Paper Reading #19 : Reflexivity in Digital Anthropology


Reference
Author: Jennifer A. Rode
Affiliation: iSchool, Drexel University,3141 Chestnut St. Philadelphia PA, 19104
Presentation: CHI 2011, May 7–12, 2011, Vancouver, BC, Canada.

Summary
Hypothesis
The paper overviews key aspects of use and contribution of digital anthropology in HCI, as well as in the anthropological approach. It relates these practices to participatory design and the socio-technical gap, and the ways ethnography can address them.

Contents /Methods
The paper illustrates how Anthropological Ethnographic’s reflexivity contributes to design and theory in HCI. First, It describes three forms of anthropological writing. Second, It explains key elements of those technique. Finally, It discusses where ethnography is used in the design process in CHI so that It can highlight how Digital (Anthropological) Ethnography can contribute.
The paper discusses the following three methods of anthropology commonly used in HCI.
Realist :The realist account strives for the authenticity of representation.The ethnographer does not make inferences, but rather repeatedly creates and tests hypothesis in context and attempts to clearly represent the native’s point of view.It does not promote dialog nor allow presentation of findings that are out of context.
Confessional:The confessional ethnography provides a means of directly addressing the inherent subjectivity of ethnographic practice, by giving the ethnographer a voice and by refusing to black-box ethnographic practice. Its not that popular in HCI given ethnographers are already defensive about claims of the subjectivity of their method use to avoid opening their work to further scrutiny.
Impressionistic: Impressionist ethnographic traditions are what are being drawn on in the HCI literature when studies report proactive findings letting the narrative speak for itself.

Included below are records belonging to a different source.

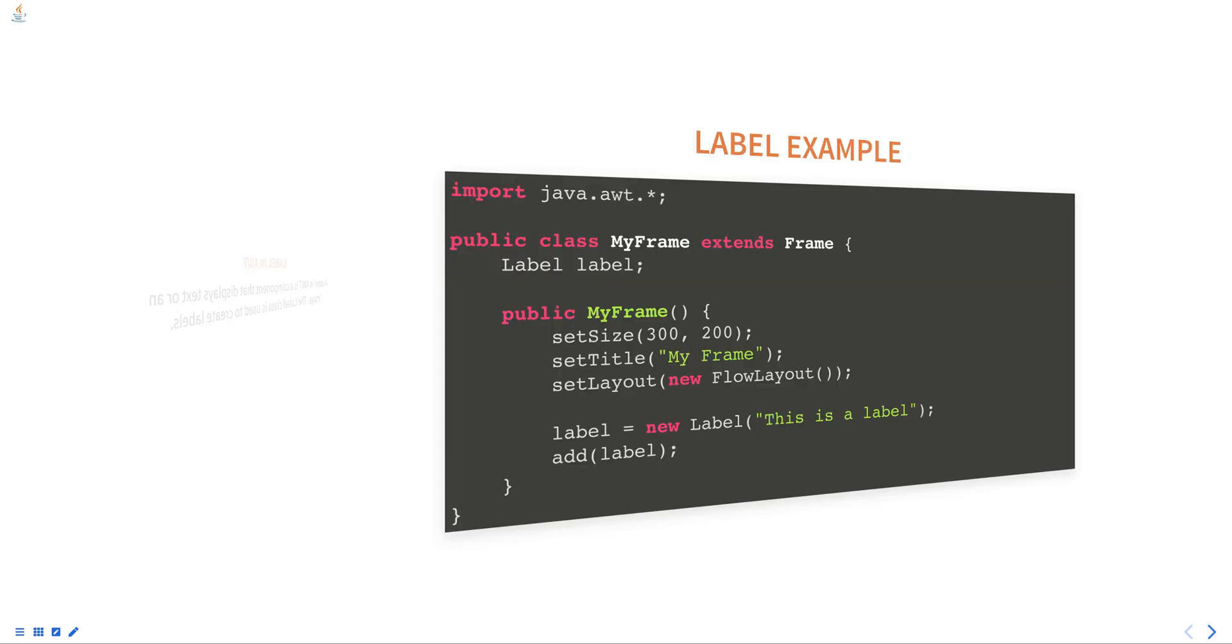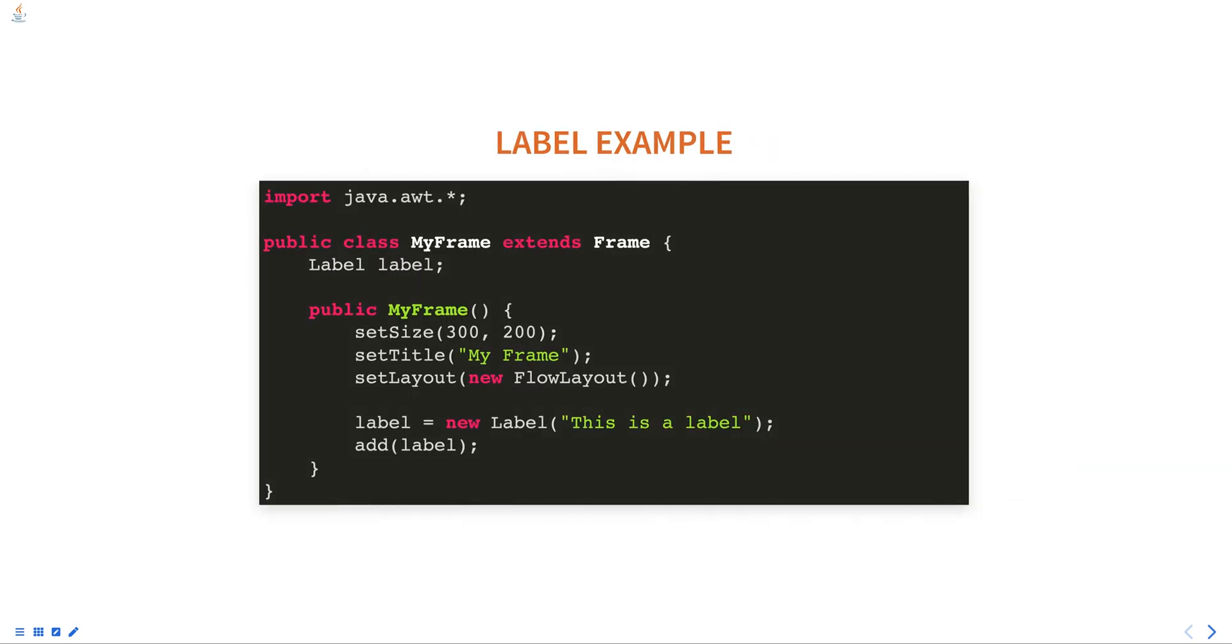Here is an example of creating a label and adding it to a container. In this example, the MyFrame class extends the Frame class and overrides the constructor. Inside the constructor, the setSize, setTitle, and setLayout methods are called to set the size, title, and layout of the frame.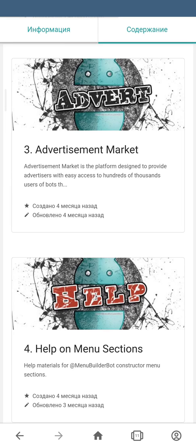MenuBuilder will never send any advertisement in your bot if you never activate this function. Besides that, MenuBuilder will never advertise itself in your projects and will never send any links or any messages.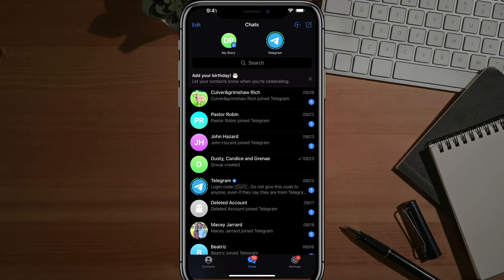In this video, I'm going to show you how to hide your phone number on Telegram. So here we are in the Telegram app on my iPhone.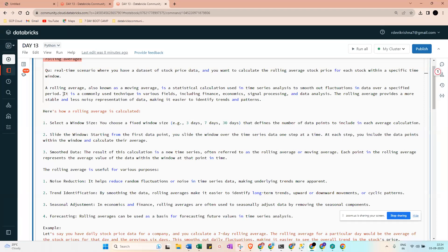So if you look at this mean shared data it will be frequently varying, but if we need to predict something we need to analyze within a specific period of time, maybe one, two, or three hours. This commonly used technique is in various fields including finance, economics, signal processing, and data analysis. The rolling average provides a more stable and less noisy representation of data, making it easier to identify trends and patterns.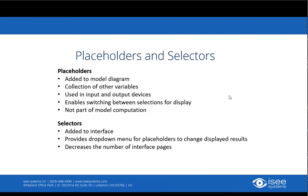They're used in input and output devices such as graphs, tables, sliders, and knobs on the interface, and they allow you to switch between selections for display at any given time.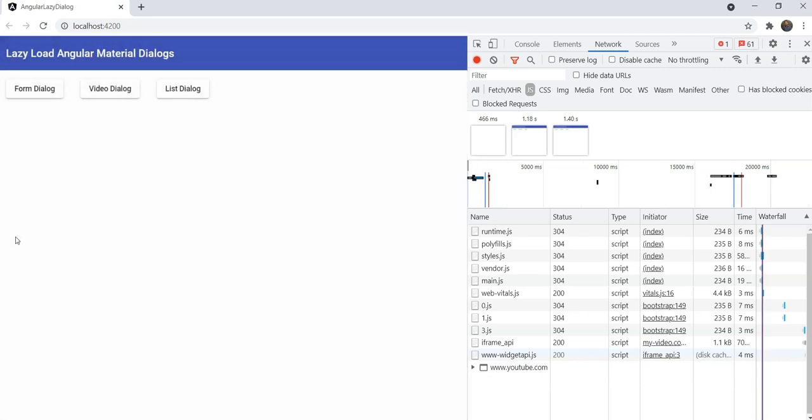Just a disclaimer, this technique only works with Angular version 9 and above with the IV compiler. So, let's get started and see how exactly we can do this.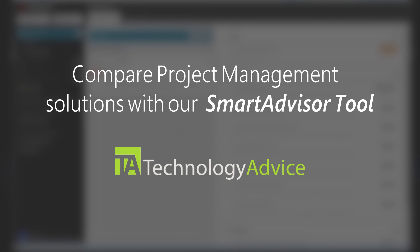You can also find more videos, the latest industry news, and market research. That's technologyadvice.com. Thanks for watching.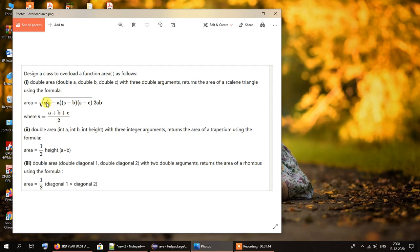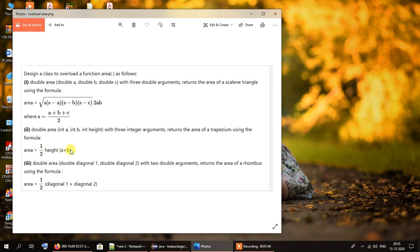The formula uses s, s minus a, s minus b, and s minus c — there are no explicit multiplication signs shown but we will multiply these values. For the trapezium, there are three integer parameters: a, b for the parallel sides and height for the height, and the formula is half multiplied by height multiplied by (a plus b). For the rhombus, double area takes double diagonal1 and double diagonal2, and the formula is half multiplied by diagonal1 multiplied by diagonal2.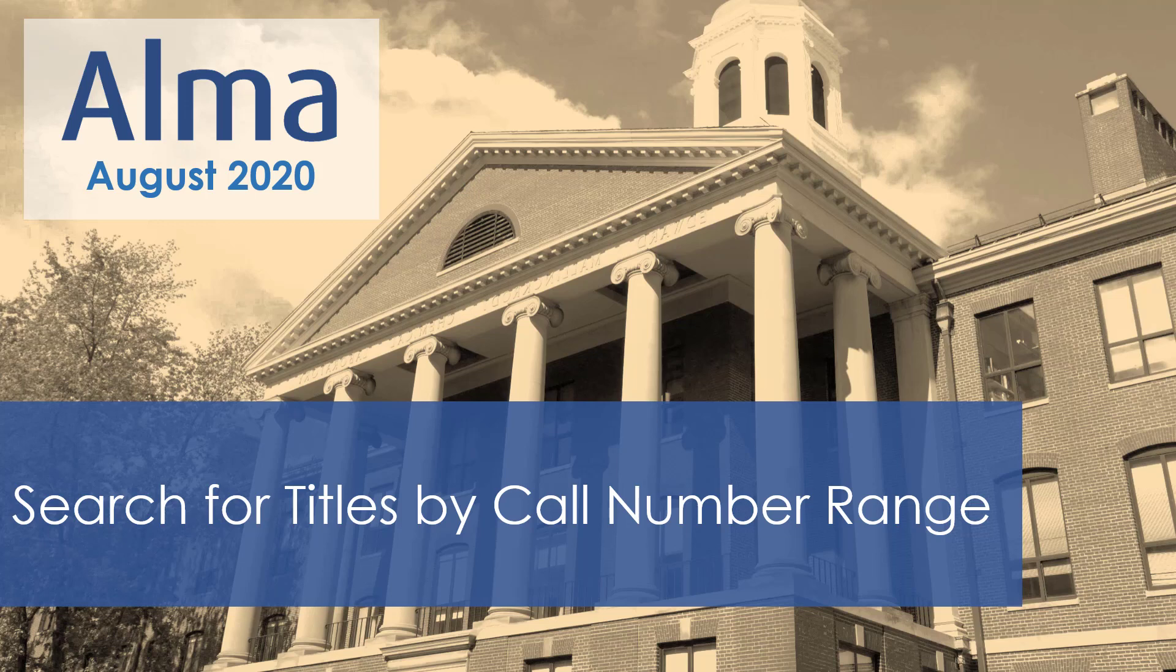Alma's Advanced Search lets you search for titles within a range of call numbers using relational operators. This can be useful for finding all titles belonging to a specific subject or range of subjects.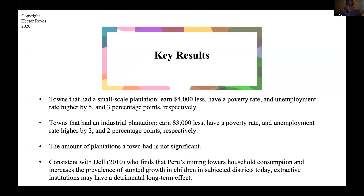The main result is that a small-scale plantation has a negative effect on Puerto Rico's well-being today. Towns that had small-scale plantations earned four thousand dollars less a year than those that did not, and they have a poverty rate higher by five percentage points and an unemployment rate higher by three percentage points.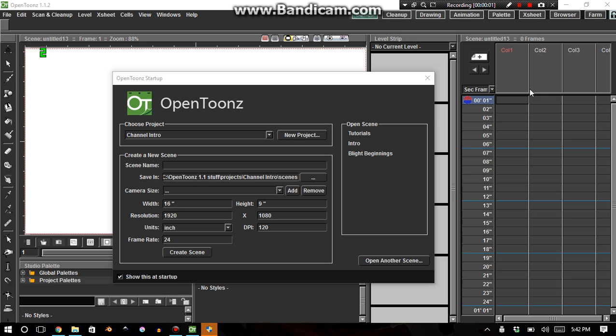Hello there, ladies and gentlemen, this is Orphan Last, and today I'm going to show you how to create a project.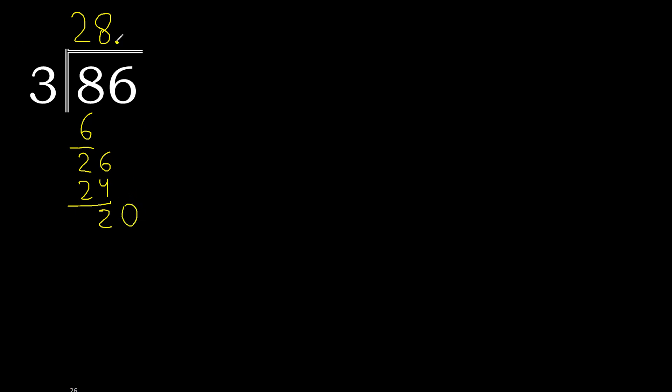Here point. 0.20, 3 multiplied by which number? 3 multiplied by 7 is greater. Multiplied by 6 is 18. Subtract, complete, always complete with 0. Point is here.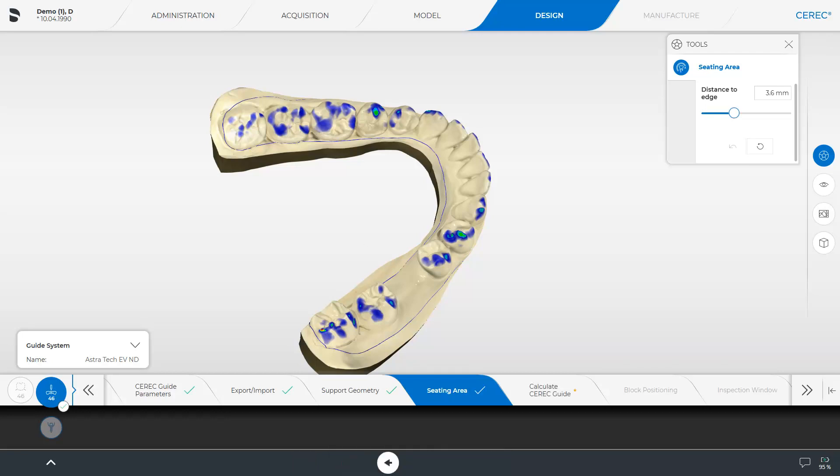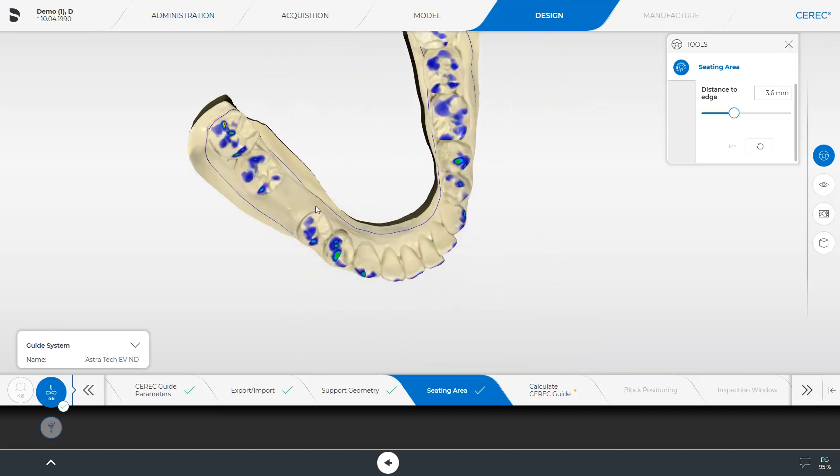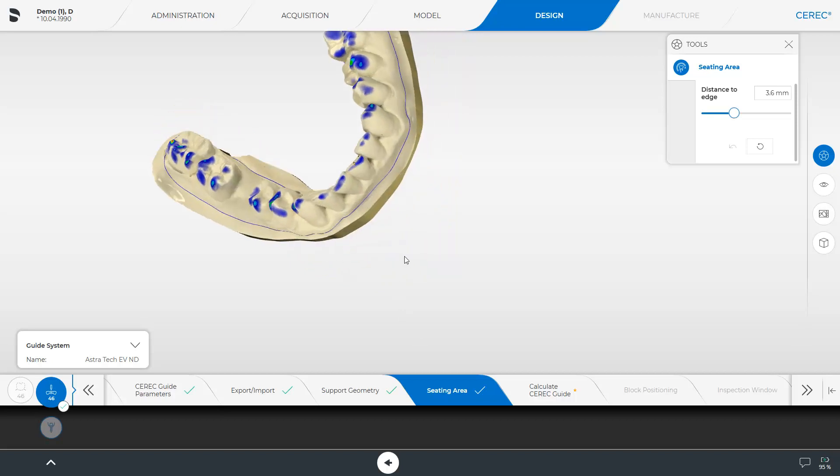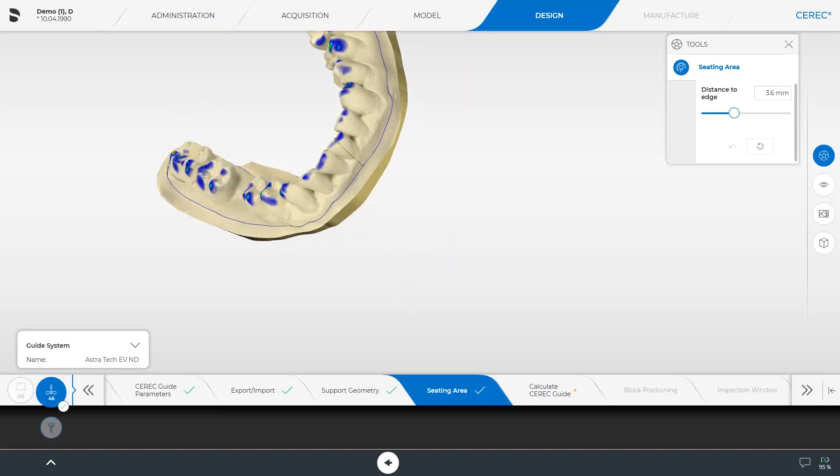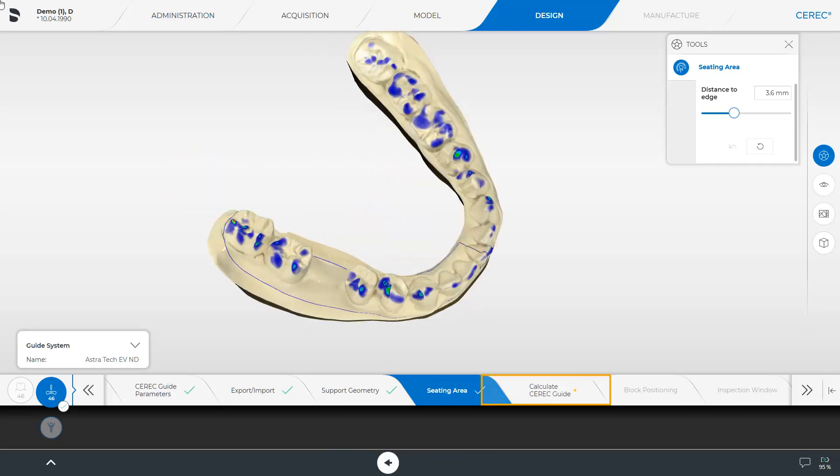Additionally, you can already shorten the guide or correct certain areas of the seating area in this step. This tool works in a similar way to, for example, correcting the preparation margin. Since we want to create the guide over just one quadrant, we reduce its application area. We move the cursor to the starting point of the modification and start by double-clicking on the blue line. By applying another single click, we extend the cutting edge to the vestibular until we can complete the corrected line with another double-click on the blue line. We confirm again with OK and click Calculate CEREC Guide.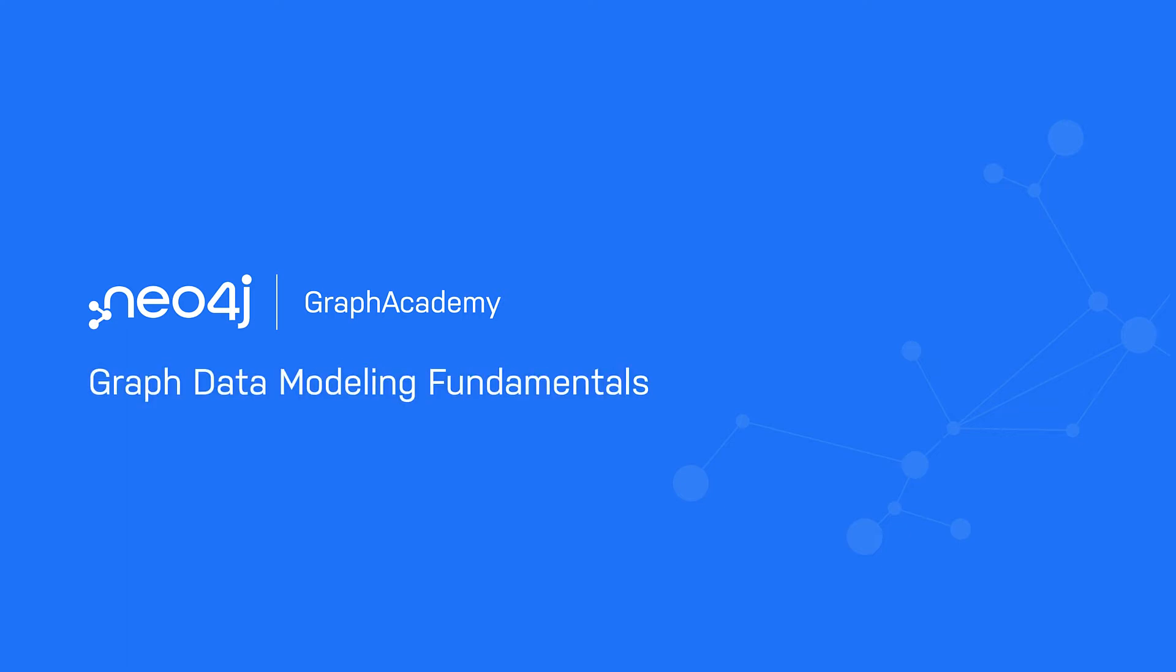In this lesson, you will learn what duplicate data is in the graph, and you will be introduced to a new use case for our model that we will be working with.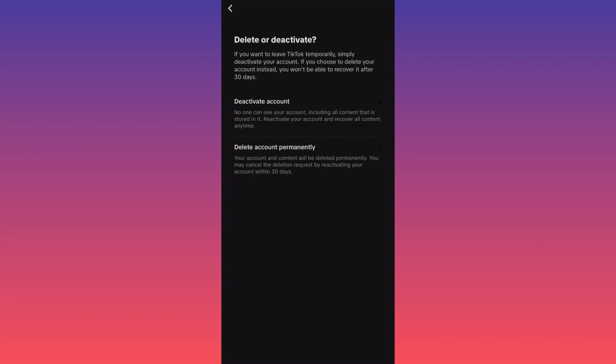...be able to recover it if you don't log back into your account within 30 days after you click delete. This is a big difference because if you don't save or request all...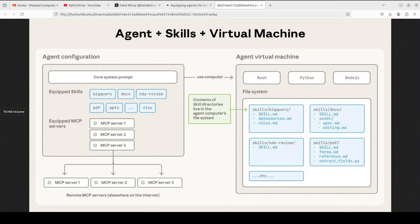Now the magic happens on the right hand side, the agent's virtual machine. This is the actual computer environment where the agent operates with access to Bash, Python, Node.js and a file system.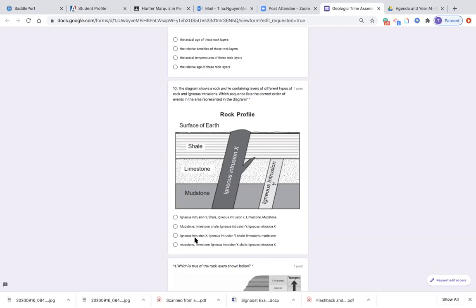Or is it igneous intrusion X, igneous intrusion Y, shell, limestone and mudstone? Or is it mudstone, limestone, igneous intrusion Y, shell and igneous intrusion X? You are going to list this sequence in the correct order.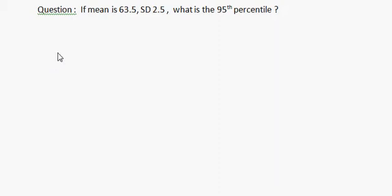Hi everyone, today we will learn percentile calculation. The question is: if the mean is 63.5 and the standard deviation is 2.5, what is the 95th percentile?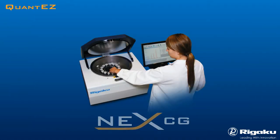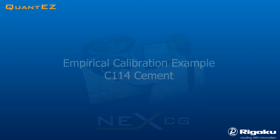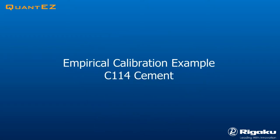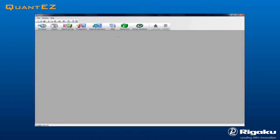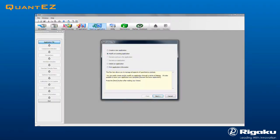Rigaku NexCG was employed for this demonstration video. Click the empirical application icon. Select Create New Application in the dialog box and click Next.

Discussing Rapport: It ensures mutual understanding and trust which will in turn facilitate the ethnographic encounter. Rapport facilitates access, not only physically reaching participants, but also getting them to open up and share their stories.
Participant Observation: The anthropologist learns through firsthand experience, the rules of interaction and acceptable behavior. Hypotheses then are tested not through external validation, but rather through embodied experiences.In HCI people are discussed as the objects of study, rather than embodied experiences in the context of personal relationships.

Results

The three different forms of ethnography;formative, summative, and iteratively evaluative negotiate the socio-technical gap differently, by aiming to close it, understand it, or perhaps a little of both. These forms of ethnography offer exciting possibilities for how to explore the “messy bits” of the socio-technical gap, and relate it to design, if we can embrace the challenge of integrating the writing forms into discussion of design process.

Discussion

The paper has a lot to offer for people who deal with human subjects in their research. I think it is wonderful paper to read for the beginners who want to have more insight into ethnography principles and practices. There are cases and context as well which the experienced researchers want to use to make ethnography more integrated into HCI. It was source of lot of information which I was not aware of before while I was doing my ethnography as well when I was doing my research and user testing.